Jesus says that He has come to bear witness to the truth, but Pilate asks, “What is truth?” and does not wait for the answer.  For the Romans, truth was a simple concept, does the claim correspond to reality?  Jesus’ claim of kingship clearly did not correspond to reality as Pilate understood it.  Jesus though bears witness to a bigger reality that Pilate cannot grasp.  Last week I said our imaginations need to be bigger.  That we need to have dreams of not just salvation and escape, but of resurrection involving all of creation.  The problem with Pilate and his view of truth is that it is not big enough.  There is more to heaven and earth that can be dreamt of in his philosophy.  There is the reality that the book of Revelation describes that shows that the raging and rantings of the empires of this present world are still subject to a larger heavenly reality.  It is this truth that Nineveh was able to recognize that a bigger world existed outside of them and that God would hold them to account.  It this truth that Jesus bears witness to when he announces the coming of the kingdom of God. 

Jesus explains to Pilate that His kingdom is not of the world.  Again like Jesus’ confrontation with the Pharisees over whether or not it was lawful to pay taxes to Rome, we have often taken this to mean that the world is divided.  Caesar has his realm and Jesus has His realm.  However, I think Jesus is making a different point - Jesus says my kingdom is not like your kingdom.  Jesus is making the claim not that His kingship is entirely different than the kingship as Pilate conceives it because right before making this claim Jesus says, “If my kingship were of this world,  my servants would fight that I would I would not be handed over to the Jews.”  Jesus instead is presented a kingdom with a different ethic.  A kingship that renounces violence.  

Again this is what Nineveh grasps that Pilate does not.  When Nineveh repents the people of Nineveh turn away from violence.  The kingdom of God is not of this world and presents a vision of an entirely different ethic.  The kingdom of God is for those who are poor of spirit, who mourn, who are hungry, who are meek, who are pure in heart, who seek peace.  The kingdom that loves their enemies.  The kingdom of God is that does not seek to conquer or exploit but one that seeks to serve.  The kingdom of God is not a nicer version of empire but one that is radically different.  

Again we as the church need to embrace this ethic and not seek to replace the current structures of Empire using the same thinking and same tactics.  We need to present a different picture entirely.  Our imaginations need to be bigger than that.  We need to do what Jonah did and what Jesus did and proclaim that another world is possible.  We need to present an ethic that shatters the idea that the only way to live is by self service and accumulation and exploitation and oppression and violence.  We need to present a world that breaks the current cycle and gives hope to the hopeless.  I will even go one further and say that we need to proclaim that another world is not only possible but inevitable.  

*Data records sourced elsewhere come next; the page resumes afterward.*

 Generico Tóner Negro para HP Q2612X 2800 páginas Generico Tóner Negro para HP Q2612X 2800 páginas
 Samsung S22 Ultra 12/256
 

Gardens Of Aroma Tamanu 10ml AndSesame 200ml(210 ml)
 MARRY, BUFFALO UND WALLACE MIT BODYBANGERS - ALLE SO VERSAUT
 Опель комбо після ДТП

Now let me pause and say that I do not think this is something that can be fully realized in this reality.  Until Christ comes the church cannot achieve this as permanent reality.  However, I do think the church is called to bear witness to this reality.  In this world the church must present this vision and expect persecution and suffering.  That is why Jesus in the sermon on the mount tells those that are peacemakers and meek and mourn are blessed but also says that those that are persecuted and reviled are also blessed.  I want to close by giving two modern examples of when bearing witness to this alternate vision has occurred.

The first occurred shortly after the start of WWI.  Germany had invaded neutral Belgium on its way to conquer France.  A combined French and British army had repulsed the Germans outside of Paris and as the Germans dug in a continuous line of fortified trenches formed from the North Sea to the Swiss alps. Between the two armies was a small stretch of earth called “no man’s land.”  

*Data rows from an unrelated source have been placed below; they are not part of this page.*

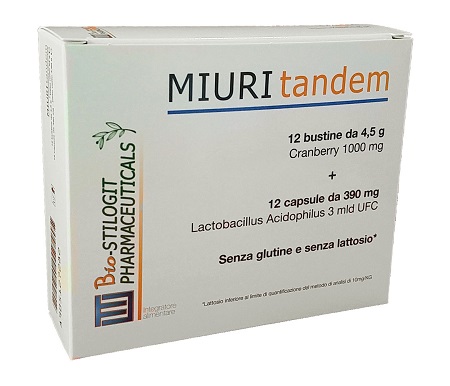 MIURI TANDEM 12 BUSTINE + 12 CAPSULE - farmacia187.it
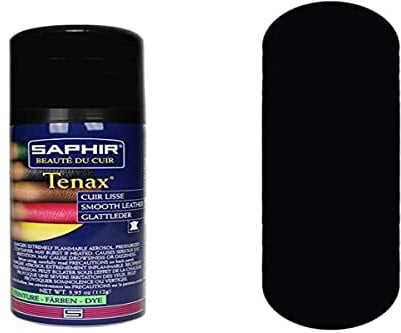 AVEL Teinture Tenax Cuir Aérosol, Noir, 150 ml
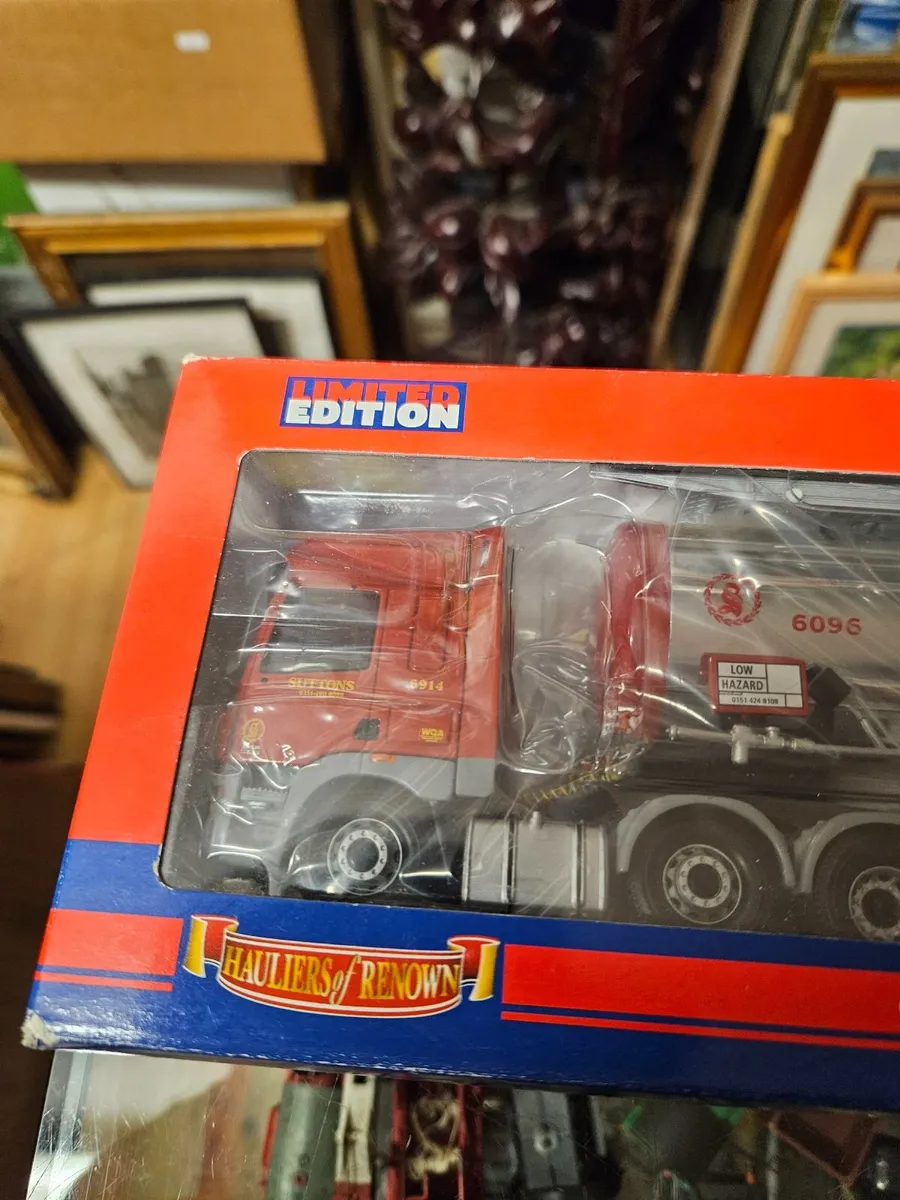 Corgi DAF Tractor Unit and Tanker Trailer 1.50 - Image 2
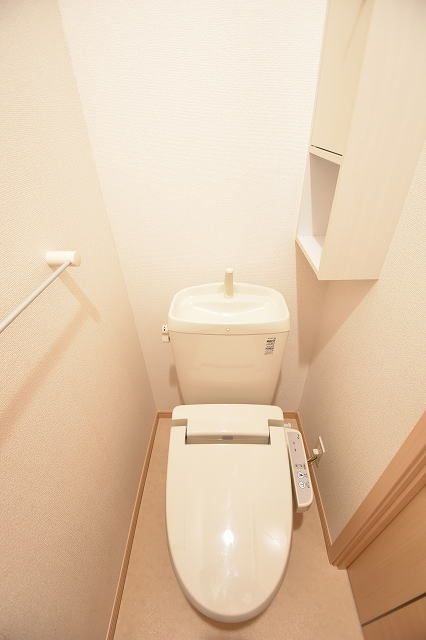 【グランスクエアー参番館のトイレ】
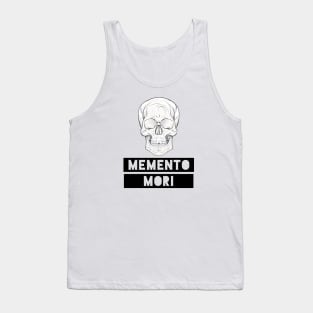 Memento Mori Skull Symbolic Trope Tank Top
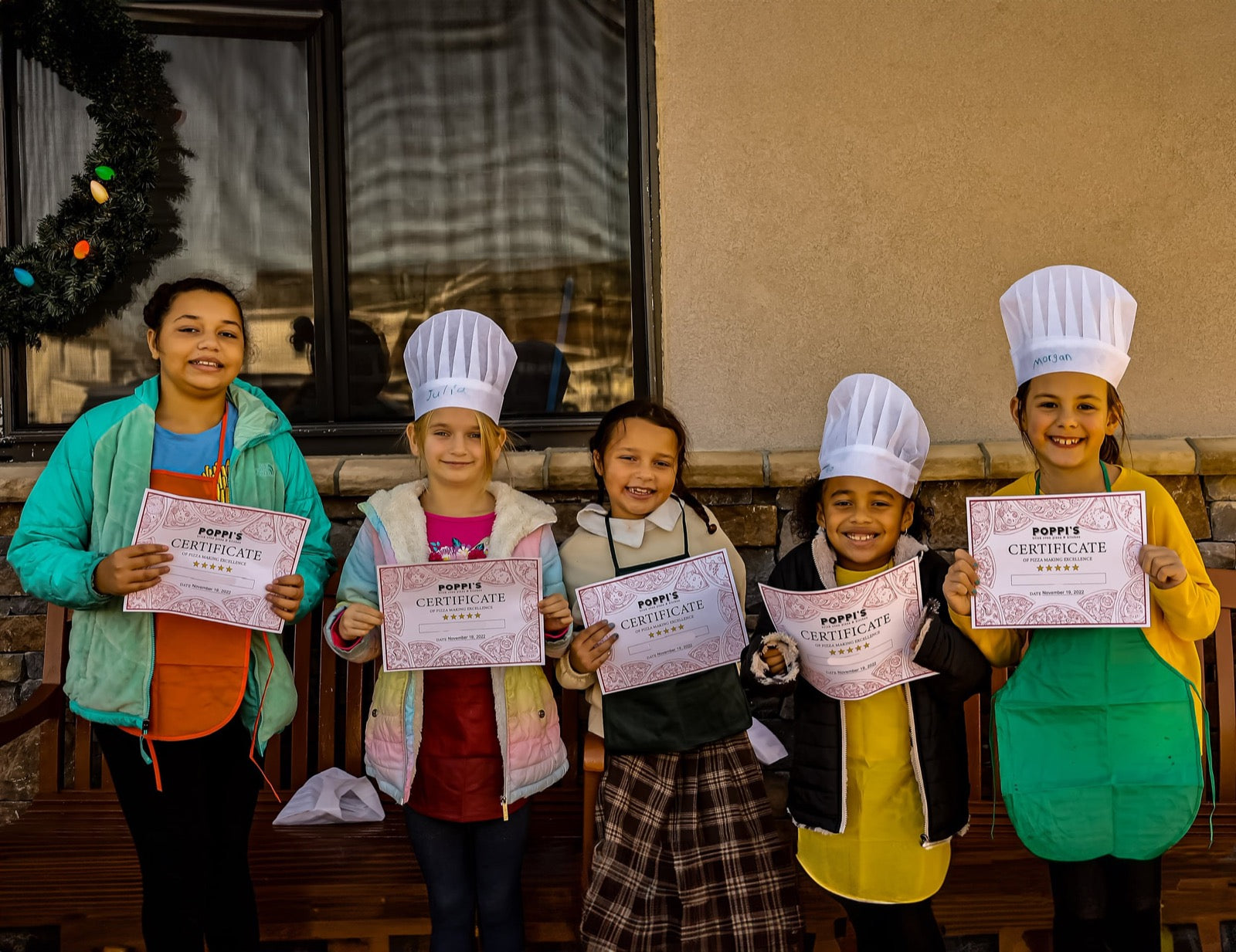Kids Pizza Class at Poppi's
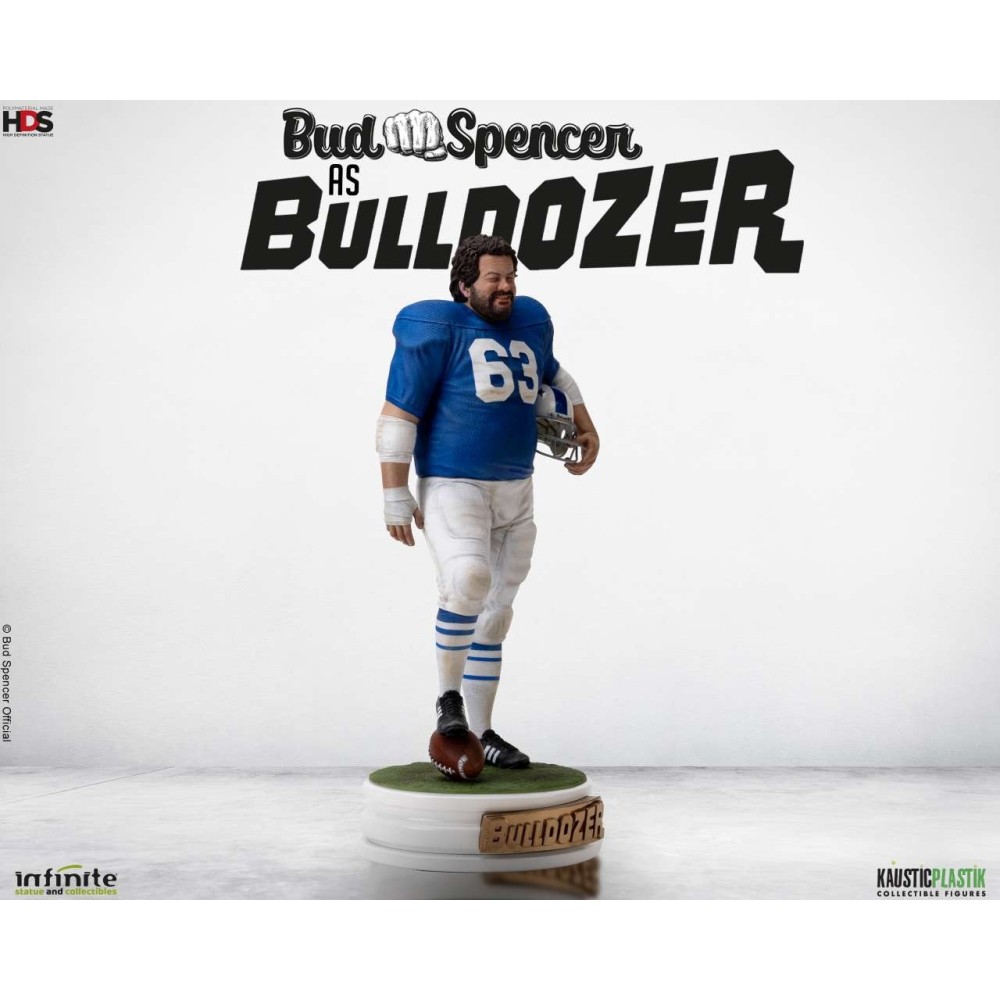 INFINITE STATUE BUD SPENCER BULLDOZER STATUE 35 CM RESIN FIGURE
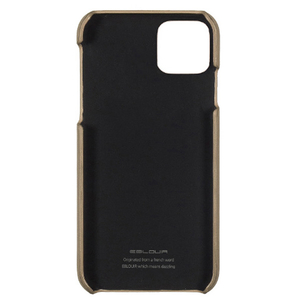 Eblouir iPhone 11用カバーケース BackPack Bar ベージュ EB17214I61R-イメージ3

However, a funny thing happened on Christmas Eve in Ypres, Belgium site of some of the most viscous fighting between the Germans and the British.  The Germans began lighting candles and setting up Christmas trees in their trench.  They began singing carols and the British responded by also singing carols.  Pretty soon the artillery fell silent and men began arising from their trenches and exchanging gifts of food, alcohol, and tobacco in “no man’s land.”  The two sides even played soccer with each other.  It is estimated that 100,000 soldiers participated in the Christmas truce.  

What had happened?  The soldiers had glimpsed another, bigger world that made what they were doing seem unimportant and inconsequential.  For a few days the kingdom of God had broken in and there was love of the enemy and as a result peace.  For a few days there was at least some proof that life could be different.  

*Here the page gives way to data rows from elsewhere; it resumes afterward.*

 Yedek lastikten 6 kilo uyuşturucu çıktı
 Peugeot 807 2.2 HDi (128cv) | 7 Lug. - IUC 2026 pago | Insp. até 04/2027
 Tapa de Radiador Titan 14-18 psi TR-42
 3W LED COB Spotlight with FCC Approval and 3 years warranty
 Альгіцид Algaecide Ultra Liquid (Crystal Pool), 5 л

The second occurred after the fall of apartheid.  Apartheid was a system a system of racial segregation imposed on black inhabitants of South Africa from 1945 to 1994.  Over 3.5 million non-white South Africans were removed from their homes under threat of force and moved to segregated neighborhoods.  As time went on, the plight of non-white South Africans actually worsened.  In 1970, the right of political representation was taken away and they were actually deprived of citizenship.  Public services were also segregated into two systems and predictably the non-white services were inferior to the white services.  The state enforced this system by becoming more militarized and using violence and repression to answer any hint of unrest.

Eventually, under pressure from the international community and the realization that the apartheid system was unsustainable, non-whites were again allowed to participate in the political process, pro-black parties were no longer banned, freedom of the press was restored and anti-apartheid leader Nelson Mandela was released from prison.  In 1994 the first truly democratic election was held with Nelson Mandela elected as president.

However, as great an accomplishment as this was, what happened afterwards was absolutely unbelievable.  The new black South African leaders knew that something radical must be done to transition to a full and free democracy and promote unity within the country.  The new government knew that there had to be justice for the victims of apartheid.  At the same time a victor’s justice based on retribution would only lead to more division and violence.   As an alternative, the South African government created a system of courts that focused on restorative justice called the Truth and Reconciliation Commission.

The Truth and Reconciliation Commission brought perpetrators of violence before the court to and allowed them to give testimony.  Victims of oppression were also encouraged to tell their story so their voice would be heard.   Remarkably upon confession, the defendants could also request amnesty and the commission was empowered to grant it.  

The ideology of the Truth an Reconciliation Commission was based on Christian concepts and churches played a key role in the commissions.  It was important for the architects of the commissions to break the cycle of violence.  They were able to imagine a bigger reality outside of the one that they had known and demonstrate to the world that a different world was possible.  

I hope these examples give you a concrete picture of what I have been talking about in today’s sermon.  Just as for Jonah and for Jesus, it is our mission at Resurrection church to confront the world with an alternate vision.  We must give hope to a world broken by the corruption of power that it does not have to be this way.  God will hold those in positions of power into account and a new world order is coming that is not a slightly nicer version of the same old structure, but something far more beautiful and perfect than we can imagine.  The creator God is reclaiming sovereignty over His world through the slaughtered lamb and He has entrusted to the church the responsibility of bearing witness to Jesus as the world’s true Lord and to His way of victory which is great than the power of Empire.